Any pictures in the records below must be left out when you repeat the lines from the line containing "jazigo Bosque da Esperança Quadra IPÊ" through the line containing "Sad Panda Costume" exactly.

> _Excerpted records_
┌────────
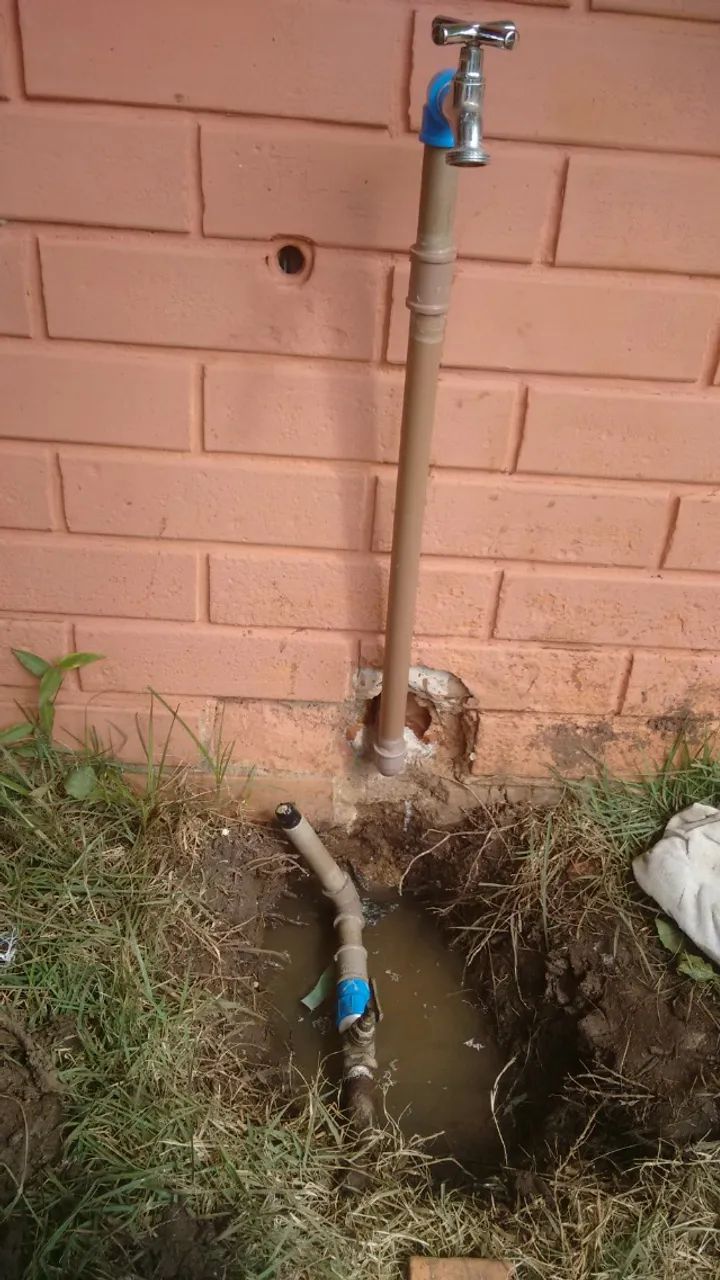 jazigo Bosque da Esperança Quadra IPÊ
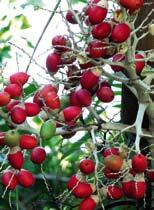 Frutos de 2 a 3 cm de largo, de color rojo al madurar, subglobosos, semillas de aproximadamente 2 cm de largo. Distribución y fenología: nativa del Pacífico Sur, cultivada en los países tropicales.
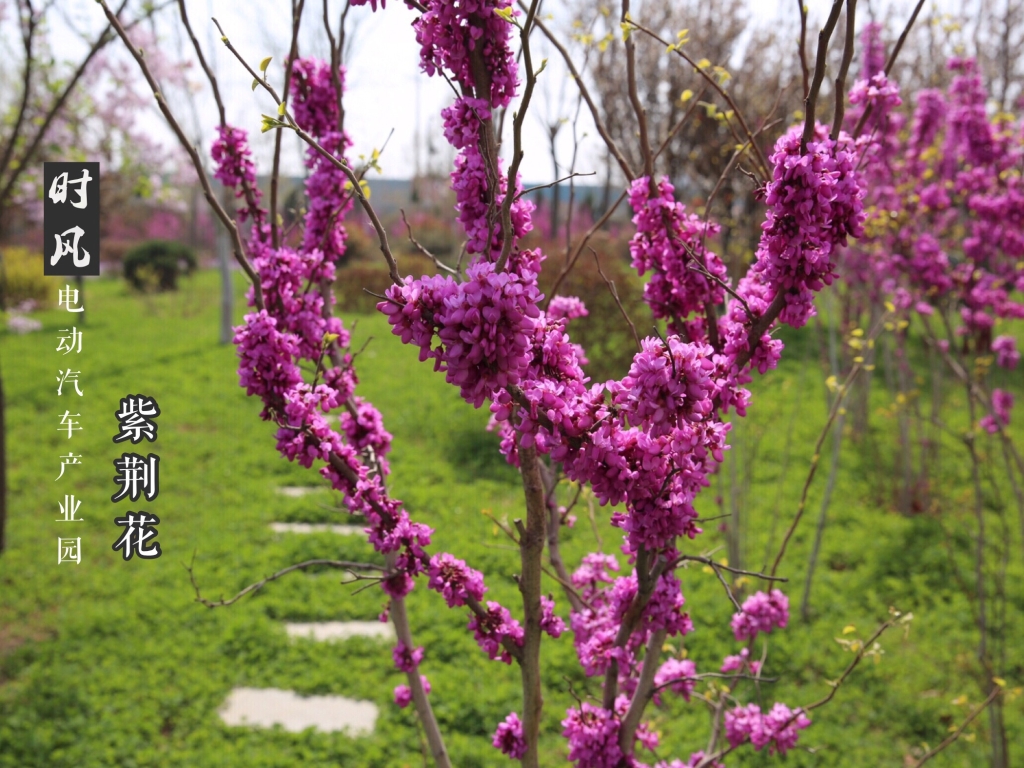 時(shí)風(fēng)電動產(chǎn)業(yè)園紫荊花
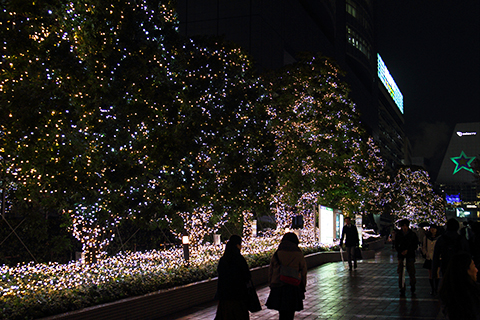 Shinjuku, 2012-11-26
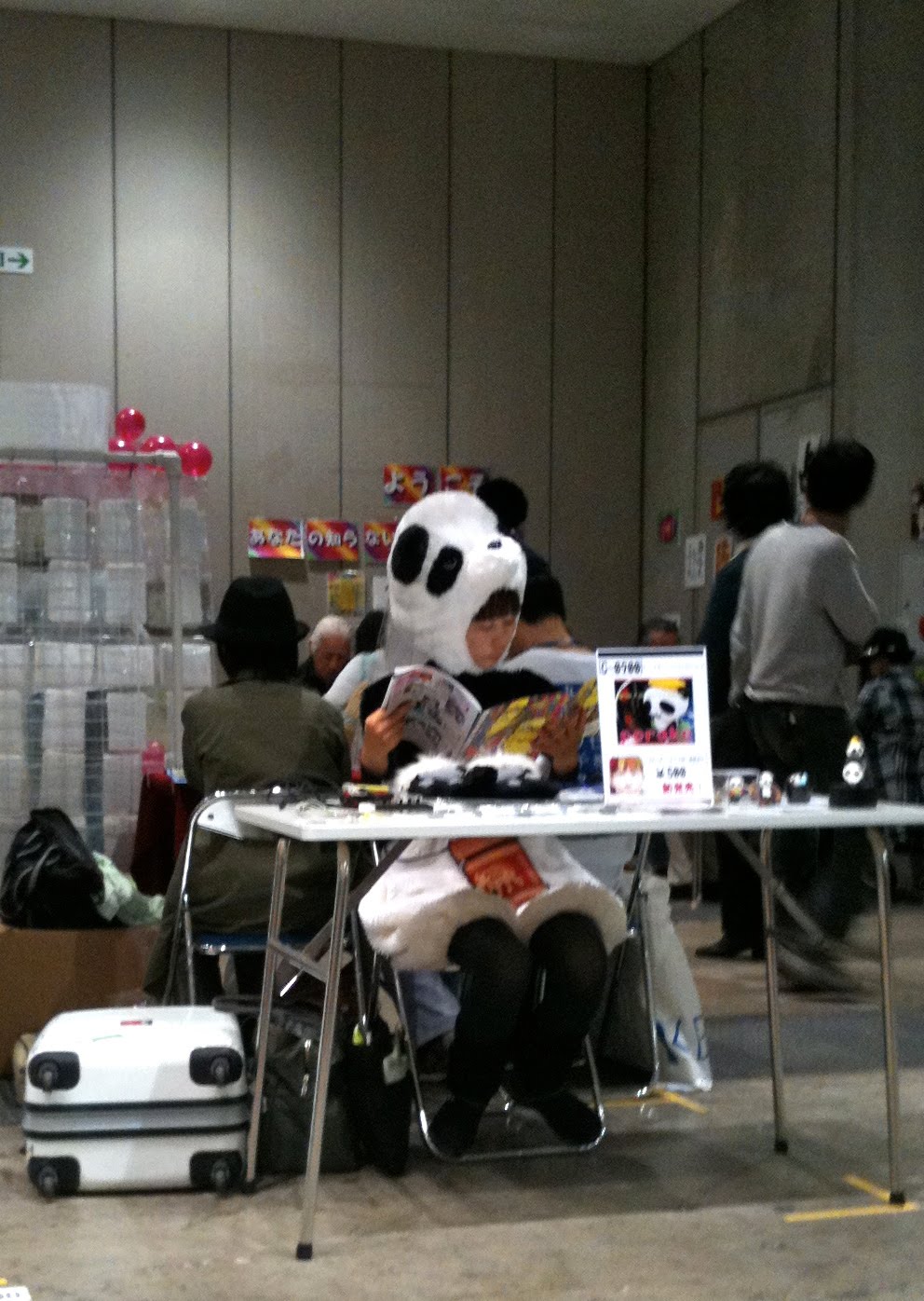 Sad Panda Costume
└────────
┌────────
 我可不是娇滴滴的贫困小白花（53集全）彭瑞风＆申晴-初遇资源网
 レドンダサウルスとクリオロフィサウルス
└────────
┌────────
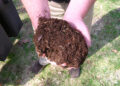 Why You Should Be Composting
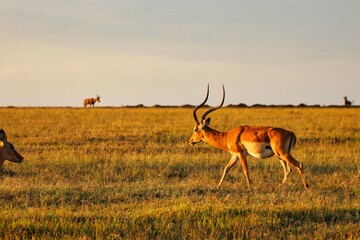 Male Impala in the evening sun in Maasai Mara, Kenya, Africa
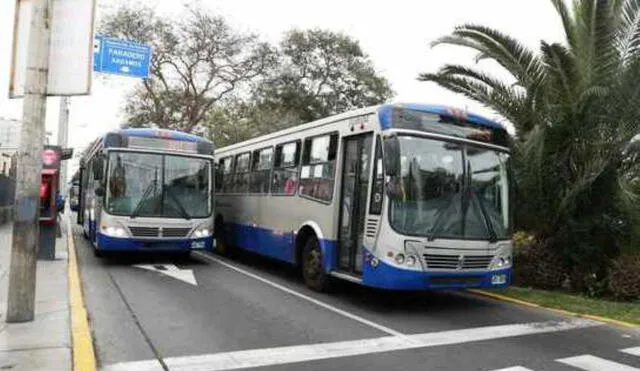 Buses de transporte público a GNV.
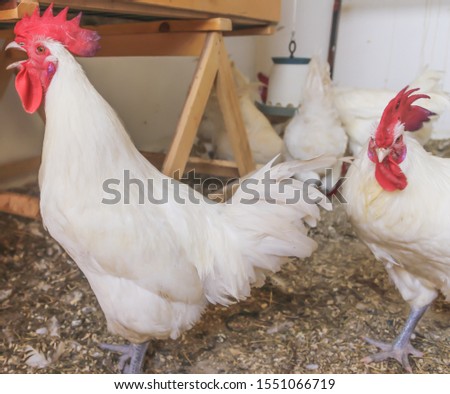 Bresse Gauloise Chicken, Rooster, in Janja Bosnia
└────────
> _Task output_
 jazigo Bosque da Esperança Quadra IPÊ
 Frutos de 2 a 3 cm de largo, de color rojo al madurar, subglobosos, semillas de aproximadamente 2 cm de largo. Distribución y fenología: nativa del Pacífico Sur, cultivada en los países tropicales.
 時(shí)風(fēng)電動產(chǎn)業(yè)園紫荊花
 Shinjuku, 2012-11-26
 Sad Panda Costume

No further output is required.